Jak widać wniosek z badań jest prosty: wybierając partnera życiowego powinniśmy skupić się na czymś innym niż wygląd. Zobrazuję to przykładem, który używam na wykładach. Używam perspektywy kobiety, ale myślę, że również mężczyźni dobrze to zrozumieją.

Zadaj sobie pytanie, kogo wolisz będąc matką 4 miesięcznego dziecka: leżącego obok w łóżku mężczyznę, który nawet w nocy wygląda jak australijski strażak z kalendarza, czy zwykłego kolesia, który poderwie się pierwszy, szepcząc ci do ucha: Śpij kochanie, ja wstanę.

Uwaga na wybór

Problem z decyzją o wyborze partnera tylko po części bierze się stąd, że podejmujemy ją w czasie, gdy nasz mózg tonie w koktajlu serotoniny, oksytocyny i testosteronu. Innym źródłem komplikacji jest fakt, że to czym kierujemy się wybierając drugą osobę, może być czymś innym niż to, czego będziemy oczekiwali od tej samej osoby pięć, dziesięć a może i dwadzieścia lat później.
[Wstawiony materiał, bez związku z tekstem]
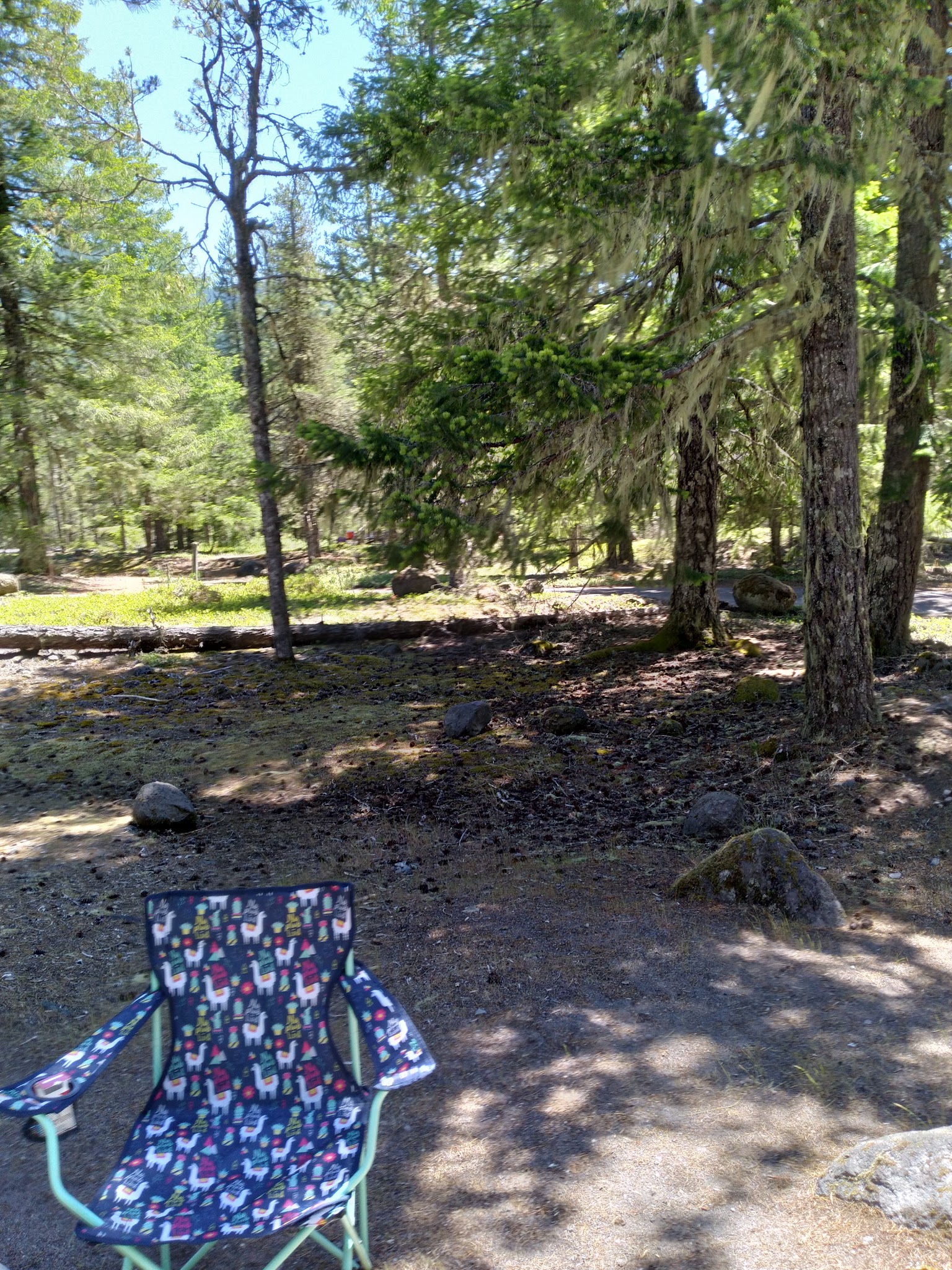 Mcneil Campground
Niedawno w czasopiśmie Personality and Social Psychology Bulletin ukazał się artykuł, w którym sprawdzono, jak w czasie zmieniły się preferowane przez respondentów cechy partnera. Te same osoby badano dwukrotnie na przestrzeni 13 lat. Okazało się, że choć wiele pożądanych cech/charakterystyk partnera pozostało niezmienne, to w przypadku niektórych widać było spadek znaczenia, w innych jego wzrost. W szczególności wraz z wiekiem i ze stażem związku malała waga atrakcyjności fizycznej, statusu społecznego i bogactwa, ale rosła rola życzliwości, humoru i współdzielonych wartości. Istotne dla zmiany preferencji okazały się też niektóre wydarzenia życiowe. Badani zmieniali swoje oczekiwania wobec partnera, po tym jak stawali się rodzicami albo doświadczyli rozstania. Zaobserwowano, że już sama perspektywa opieki nad dzieckiem sprawiła, że kobiety łaskawiej patrzą na mężczyznę, który jest dominujący w życiu społecznym a jednocześnie opiekuńczy wobec nich.

Co z tego, co napisałem warto zabrać dla siebie? Ugodowość to cecha, która działa jak mnożnik, wzmacnia pożądane i osłabia niepożądane cechy w ocenie potencjalnego partnera. A zatem: opłaca się być miłym. Nie wystarczy być ładnym.